What Intolerable Cruelty does have is reasonably well written, fast-paced dialogue, good physical humor, and solid comedic performances from Clooney and Zeta-Jones. (Billy Bob Thornton is quite funny in his brief appearance as Howard Doyle, of the famed Texas Doyle oil family, the short-term object of the affections of the hungry-for-rich-husband Marilyn.) Clooney's Miles is author of the famed Massey pre-nuptial agreement, so air-tight that its slogan is, "Only love is in mind if the Massey is signed." But he's tired of all the compromises his litigation work requires. Asserting that "compromise is death," he craves "the destruction of an opponent's life." He finds a worthy opponent in Zeta-Jones's Marilyn Rexroth, who is seeking a lucrative divorce from her philandering husband, whom Massey represents. As she puts it baldly when discussing her financial expectations from the divorce, "I invested five years of my life."
The basic plotline is fairly predictable, as it often is in romantic comedies, but it includes enough surprising twists and quirky characters, including a very perplexed hitman, to hold our attention. Among the zany Coen-style character is a guitar-playing priest, the self-proclaimed captain of the good ship "amore veritus," who encourages newlyweds to take the "leap of faith aboard the ship of love" and walks around during a wedding reception, strumming his guitar, singing, "I wish I was a Kellogg cornflake."
At the center of the film is Clooney's Massey, who is torn between two loves. There is his love of victory and of profit. He is haunted by grotesque images of an aged partner, kept alive by machines, calculating and cackling about billable hours. So successful is Massey at his job that he has been a regularly featured speaker, on topics such as the "Disposition of Marital Assets After Murder/Suicide," at his profession's annual convention in Vegas. Then there is the irresistible and aloof Marilyn, on whom he increasingly seems willing to risk everything.
The consistently light tone of the film is certainly a departure from previous Coen films. But this is not an entirely eccentric product from the very eccentric Coens.
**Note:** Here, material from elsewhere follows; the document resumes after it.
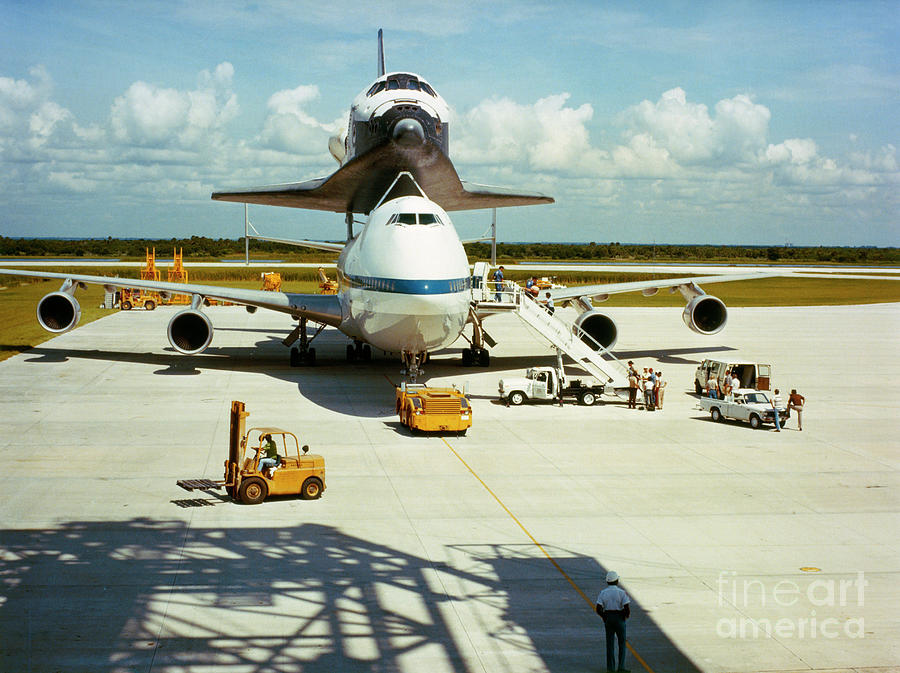Space Shuttle Challenger On 747, 1983 Photograph by Granger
Intolerable Cruelty affirms and celebrates certain basic human instincts, irrepressible instincts for love and family. More basic and more enduring than lust or greed, these instincts are easily obscured by cool, calculative rationality, the sort of rationality on display in the Massey pre-nup. These instincts, usually embodied in characters who can barely articulate them, surface in films as different as Raising Arizona, Fargo, and The Big Lebowski. As the cowboy narrator in Lebowski observes, these are the instincts by means of which the "human comedy perpetuates itself."